Opinion
No. 18693.
Delivered December 23, 1936. Rehearing Denied April 28, 1937.
1. — Conversion by Bailee — Indictment.
In prosecution for conversion by bailee, indictment charging that defendant was in possession of a certain stock certificate for 50 shares of a named corporation, which had been bailed to him by named person, that 26 shares of the stock evidenced by said certificate belonged to defendant and 24 shares of the same was property of said named person, that said named person as owner of the certificate bailed it to defendant on his agreement to return a certificate for 24 shares of stock of the value of $45.00 a share, held sufficiently charged fraudulent appropriation of property of value more than $50.00 held by virtue of a contract of bailment.
2. — Same.
In prosecution for conversion by bailee, indictment charging that stock certificate representing 26 shares of stock belonging to defendant and 24 shares belonging to bailor was bailed to defendant held not defective on the ground that it brought case within the rules of partnership.
Appeal from the District Court of Childress County. Tried below before the Hon. A. J. Fires, Judge.
Appeal from conviction for conversion by bailee; penalty, confinement in penitentiary for five years.
Judgment affirmed.
The opinion states the case.
Baskett Parks, of Dallas, for appellant.
Lloyd W. Davidson, State's Attorney, of Austin, for the State.
Conviction for conversion by bailee; punishment, five years in the penitentiary.

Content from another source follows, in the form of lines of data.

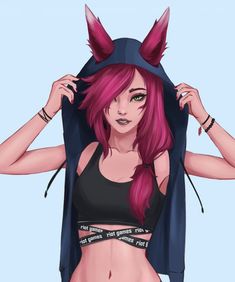 a girl with pink hair and horns on her head is wearing a black bra top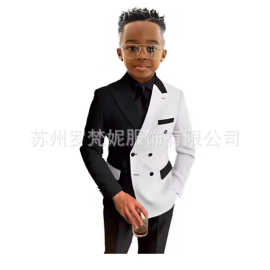 欧美跨境新款简约休闲男童两件套花童西装婚礼套装生日宴会西服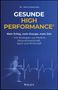 Buchtitel: "Gesunde High Performance" von Dr. Nina Psenicka. Diagramm eines laufenden Menschen auf blauem Hintergrund., Buch
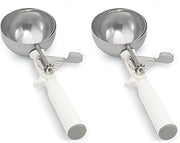 Vollrath 47139 Round Stainless Steel Dishers, Set of 2 (Size 6, 5 1/3-Ounce, White)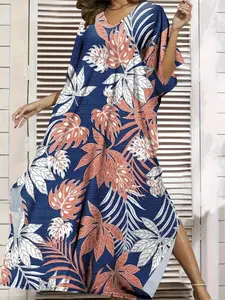 Women's Summer Boho Bohemian Style Loose Fit Dress, Casual Split Side Slit Long Dress, Half Sleeve Ethnic Pattern, 23 Prints Available, Womenswear Lady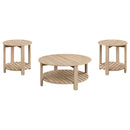Fowler Round Coffee and End Table Set Natural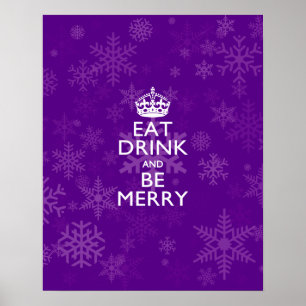 Póster Coma la bebida y sea feliz en púrpura guardan la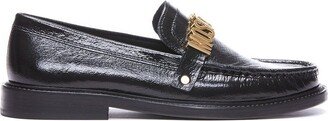 Logo-Lettering Round-Toe Loafers-AC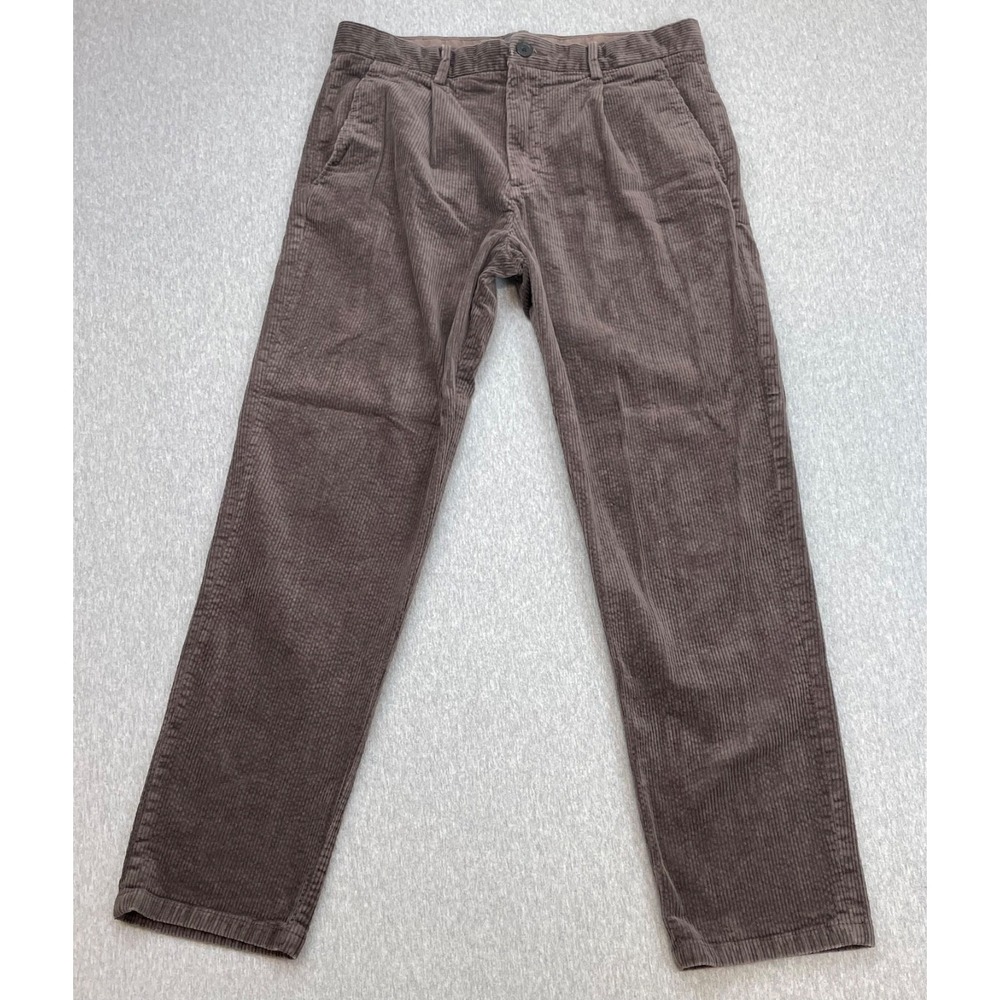 H&M Pants Mens 30 Brown Cotton Blend Stretch Pleated Corduroy Straight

The record is here without statement of facts or bills of exceptions. The indictment contains three counts, conviction being upon the third, which charged that appellant was in possession of a certain stock certificate for fifty shares of a named corporation, which had been bailed to him by Mrs. Brumbelow, it being further alleged that twenty-six shares of the stock evidenced by said certificate belonged to appellant and twenty-four shares of the same was the property of Mrs. Brumbelow, "which said certificate was by its owner, the said Mrs. J. B. Brumbelow, endorsed and placed in the possession of and bailed to Ben E. New, he agreeing to return to her, Mrs. Brumbelow, a certificate of stock issued by said corporation for twenty-four shares of said stock of the value of $45.00 per share," etc.

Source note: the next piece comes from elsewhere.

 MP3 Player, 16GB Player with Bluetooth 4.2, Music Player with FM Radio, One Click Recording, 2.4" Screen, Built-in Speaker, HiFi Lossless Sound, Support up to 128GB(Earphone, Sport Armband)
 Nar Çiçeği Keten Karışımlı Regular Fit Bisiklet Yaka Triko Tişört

We find no brief on file, and in an oral argument appellant attacks the sufficience of the indictment. We are not able to conclude the indictment fundamentally erroneous. If we understand same, the indictment charges that Mrs. Brumbelow was the owner of the stock certificate in question, and even though it be further alleged that certain shares of the stock evidenced by said certificate belonged to appellant, this creates no such situation as would make the indictment bad. It was alleged in the indictment also that this stock certificate was bailed to appellant by its owner for certain specified purposes, and that he fraudulently and without her consent converted to his own use the whole of said certificate, and also the said twenty-four shares of the value of one thousand dollars.
We recognize that it was no easy task to properly draw an indictment under the facts of this case, but are of opinion that a felony is sufficiently charged, to-wit: the fraudulent appropriation of property of the value of more than fifty dollars, which appellant held by virtue of a contract of bailment with the owner of said property. Some argument was advanced as to the impossibility of alleging fraudulent appropriation or bailment of partnership property, but for aught we know there was written in the stock certificate mentioned a sufficient statement to show that twenty-four shares of the stock evidenced by the certificate belonged to Mrs. Brumbelow, and that twenty-six shares of the stock so evidenced belonged to this appellant. This would not appear to us to bring the case within the rules of partnership. Nor are we able to agree with appellant that the charge of the court was fundamentally erroneous.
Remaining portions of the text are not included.